Tuesday, January 9, 2018

Tales of London’s Mysterious Underworld

Via mysteriousuniverse.org by Nick Redfern

England’s famous London Underground rail-system serves Greater London and parts of the counties of Essex, Hertfordshire and Buckinghamshire. It’s also the world’s oldest underground network of its type: services began on January 10, 1863 on the Metropolitan Railway; and today, the London Underground has no less than 268 stations and approximately 250 miles of track, making it the longest sub-surface railway in the world. In addition, in 2007, over one billion passengers were recorded as having used the Underground since its creation. According to some, however, the London Underground is home to much more than just tracks, trains and commuters: deep within the maze of dark and old tunnels, distinctly strange things are said to lurk.

There are tales of so-called “Alien Big Cats” roaming the depths of the Underground. Rumors suggest that the remains of alien bodies – supposedly retrieved from a UFO crash in the north of England in the latter stages of the Second World war – are preserved in “a secret room,” hundreds of feet below the surface of the city.
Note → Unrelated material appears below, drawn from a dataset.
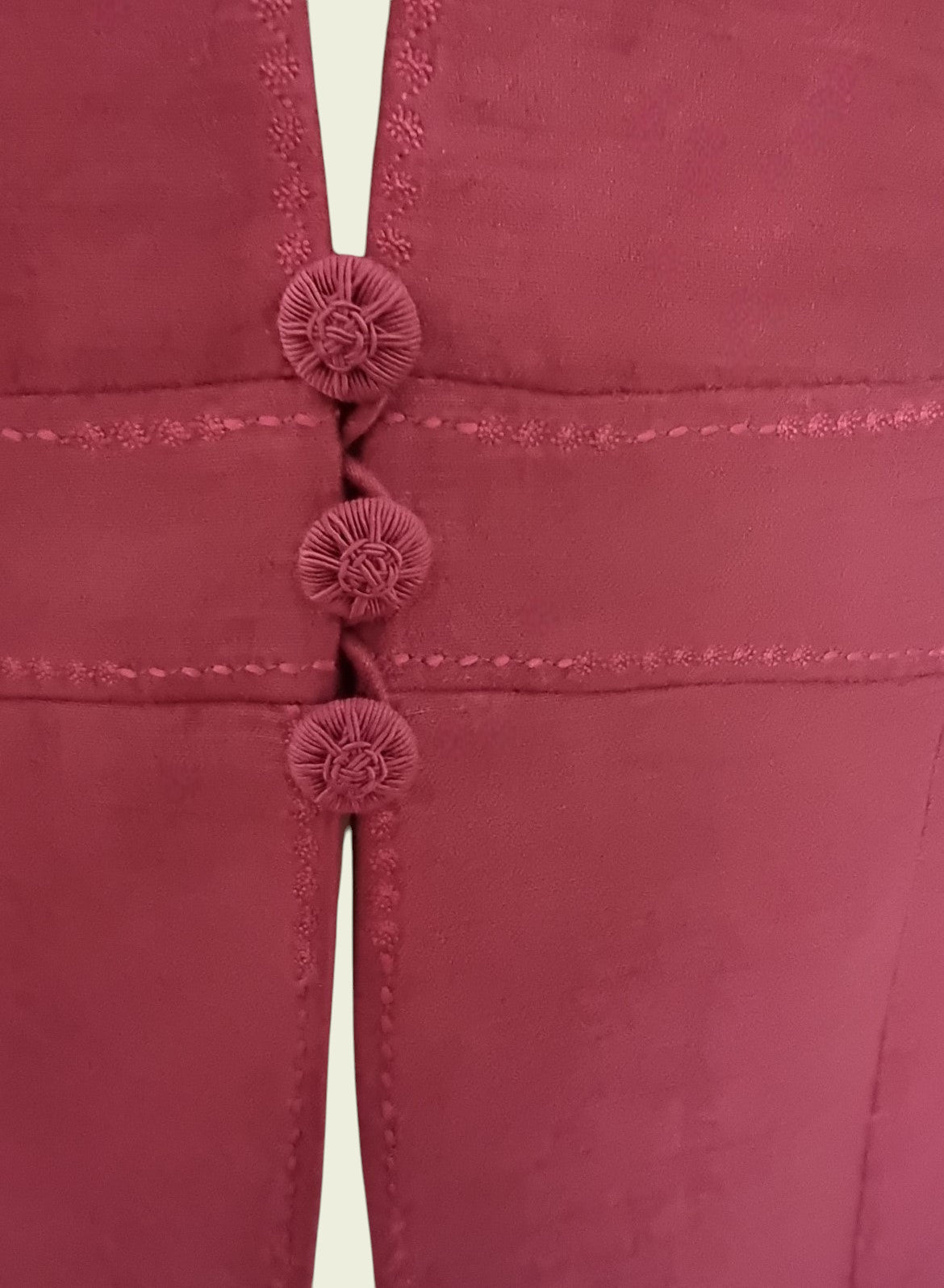 Close-up of a pink garment with button details on a light background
And there are bizarre tales of alleged cannibalistic people who are said to live deep below London, feeding and feasting on those unlucky enough to be in the wrong place at the wrong time. Of course, all of these stories are completely lacking in any kind of hard evidence whatsoever. But, that doesn’t prevent them from spreading – and, in the process, seen by many as utterly real.


And then there is the matter of a now-closed-down station on the London Underground: British Museum Station, which was shut down on September 25, 1933. For many years prior to its closure, however, a local myth circulated to the effect that the ghost of an ancient Egyptian haunted the station. Dressed in a loincloth and headdress, the figure would emerge late at night into the labyrinth of old tunnels. Indeed, the rumor grew so strong that a London newspaper even offered a reward to anyone who would spend the night there. Not a single soul took the newspaper up on its generous offer.

The story took a far stranger turn after the station was closed, however. The comedy-thriller movie, Bulldog Jack, which was released in 1935, included in its story a secret tunnel that ran from the station to the Egyptian Room at the British Museum. The station in the film is known as Bloomsbury, and was a stage set; however, the scenario presented in the film was based on the story of the ghost of British Museum Station.

Oddly enough, on the exact same night that the movie was released, two women were said to have disappeared from the platform at Holborn – which happened to be the next station along from the British Museum. Strange marks were allegedly found on the walls of the closed station, and more sightings of the ghost were reported, along with weird moaning noises coming from behind the walls of the tunnels. London Underground officials repeatedly played down the story, and there has always been a blanket denial on the existence of a tunnel from the station to the museum’s Egyptian Room. Nevertheless, the story was resurrected in Keith Lowe’s novel, Tunnel Vision, in which the lead character states, while trying to both impress and scare his girlfriend: “If you listen carefully when you’re standing at the platform at Holborn, sometimes – just sometimes – you can hear the wailing of Egyptian voices floating down the tunnel towards you.”

British Museum Station is also said to be home to a ghostly figure that roams the tunnels dressed in a large coat, tall hat, and gloves. Supposedly, the ghost is that of one William Terriss, an actor who was stabbed to death near the Adelphi Theater in December 1897.

To what extent there is any truth to the strange tales of the London Underground is anyone’s guess. All we can say for sure is that the legends exist and continue to circulate. As such tales so often do when it comes to the matter of what we might call “subterranean secrets.” Dead aliens below Ohio’s Wright-Patterson Air Force Base, alligators in the sewers of New York, and…well…the list goes on and on.